Tenir tout un opéra sur la nouvelle « Le rosier de madame Husson » de Maupassant est un tour de force, assez bien réussi par Britten. Bien sûr, l’histoire de ce jeune homme trop sage qui va décevoir le conformisme bêlant de son entourage est proche des intrigues d’autres opéras de Britten, Billy Budd en particulier. Britten « améliore » le personnage central qui, dans la nouvelle de Maupassant, se révèle simplement un irrécupérable poivrot. Je vous encourage à relire cette nouvelle: on y remarque l’art de la digression, où comment Maupassant, sur une nouvelle courte, arrive à passer la moitié des pages à autre chose qu’à raconter son histoire. La mise en scène est particulièrement remarquable. Elle rend l’action vraiment lisible, elle ne tombe pas dans la provocation ni le décalage ridicule. Ajoutons que les costumes sont, dans leur simplicité et banalité, très adaptés à l’opéra. On reconnaît le caractère de chaque personnage à sa façon de s’habiller;: le vicaire, le maire, l’institutrice… Seule petite faiblesse (à mon goût): en laissant Albert Herring visible pendant que les autres le cherchent, à la fin de l’opéra, la mise en scène annonce trop vite la chute et casse le dramatisme de la situation. On est ici plus dans la comédie de mœurs que dans la tragédie, de sorte que l’effet est plus faible que celui de Peter Grimes, le Viol de Lucrèce, Billy Budd ou le Tour d’écrou.

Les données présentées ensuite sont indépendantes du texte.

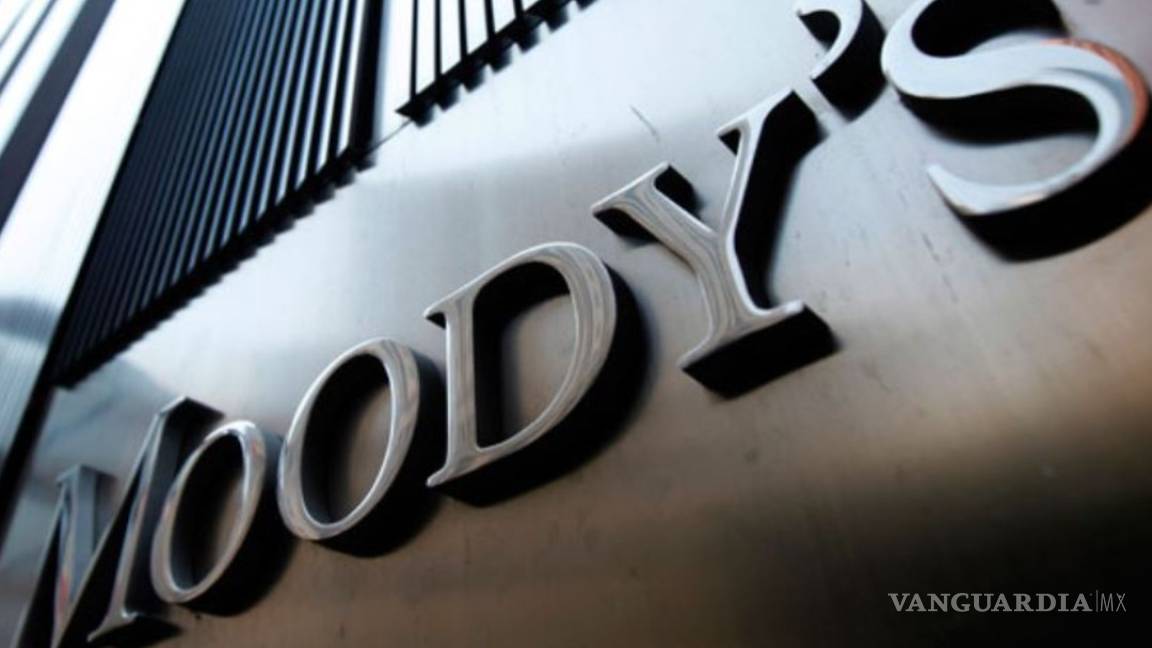 Moody's recorta de 1.3 a 1% pronóstico de crecimiento de México para 2020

Comme d’habitude chez Britten, la musique n’est pas intrusive, elle illustre bien l’action mais sait se faire oublier. Ici, elle prend un tour franchement ironique par moments, en particulier durant l’acte I chez Lady Billows. Durant cet acte, des vidéos tournées par des élèves d’un BTS audiovisuel s’intégraient parfaitement à l’action, illustrant tous les vices (vrais ou supposés) que la gouvernante a trouvés chez les jeunes personnes proposées au titre de Reine de Mai.
C’est Laurence Equilbey qui dirigeait, prouvant que son talent déborde du cadre de chef de choeur auquel on l’associe.